Welcome Back to School!

August 22, 2022

Hello Mathies!

Just wanted to give you a few tips for tackling your new math class as you venture back to school! Math isn’t that bad – just think of it as LESS MEMORIZING as compared to your other classes! Yep, that’s why I always preferred my math classes to my say history classes – I wasn’t that crazy about memorizing.

YES – YOU CAN AND SHOULD MEMORIZE IN YOUR MATH CLASSES! But the trick to doing your best is to know how much to memorize and how much to understand. This varies from student to student.

Here are more points about learning math, as I show on the home page of mathhints.com:

  • You can’t study for math tests without doing problems!

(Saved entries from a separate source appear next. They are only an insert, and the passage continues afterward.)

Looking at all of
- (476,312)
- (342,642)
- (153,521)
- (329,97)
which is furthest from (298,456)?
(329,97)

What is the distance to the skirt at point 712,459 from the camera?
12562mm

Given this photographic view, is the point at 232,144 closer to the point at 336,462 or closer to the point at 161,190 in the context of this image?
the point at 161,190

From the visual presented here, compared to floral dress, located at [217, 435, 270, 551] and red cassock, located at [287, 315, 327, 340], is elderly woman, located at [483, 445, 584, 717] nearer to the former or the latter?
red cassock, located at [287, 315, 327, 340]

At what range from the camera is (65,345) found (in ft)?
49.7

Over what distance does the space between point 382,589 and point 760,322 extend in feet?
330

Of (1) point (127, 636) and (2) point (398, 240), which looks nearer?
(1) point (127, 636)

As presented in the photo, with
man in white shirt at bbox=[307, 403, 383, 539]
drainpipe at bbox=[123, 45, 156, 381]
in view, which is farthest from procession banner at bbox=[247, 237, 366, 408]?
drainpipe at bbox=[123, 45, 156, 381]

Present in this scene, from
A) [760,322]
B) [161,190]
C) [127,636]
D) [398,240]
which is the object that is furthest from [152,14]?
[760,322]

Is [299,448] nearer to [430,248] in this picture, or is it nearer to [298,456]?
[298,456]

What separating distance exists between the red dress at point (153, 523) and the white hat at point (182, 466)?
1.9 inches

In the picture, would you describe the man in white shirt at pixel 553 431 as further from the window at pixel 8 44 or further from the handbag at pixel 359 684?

A lot of times, I think I know the subject I’m tutoring (by looking at the book), and then when I get in there and start solving problems, I realize that I didn’t know it as well as I thought I did!
  • Learning math should be an active experience and should relate to the world. And always use “simpler numbers” if a problem’s numbers are complicated. For example, paying $4 for 2 oranges makes it more obvious that you need to divide than paying $5.88 for 3 oranges.
  • Learning math requires an understanding of what to “memorize” (for example, the tools), and what to “understand”. We don’t need to reinvent the wheel; it’s already been invented. Don’t worry if you have to memorize something with math without “understanding” it!
  • Learning more advanced math is no more than building on what is already known: if you can add 2+2, and build with math tools, you can be taught to solve a complicated Calculus problem.
  • Math books tend to “brag” and try to explain things with difficult words that sometimes don’t make sense! Math can be explained more easily with every day words.
  • Sometimes there’s just one little concept that isn’t known or understood that makes a whole new math concept difficult. We need to find that and learn it!
  • Math = Rules + Examples + Practice, Practice, Practice!!!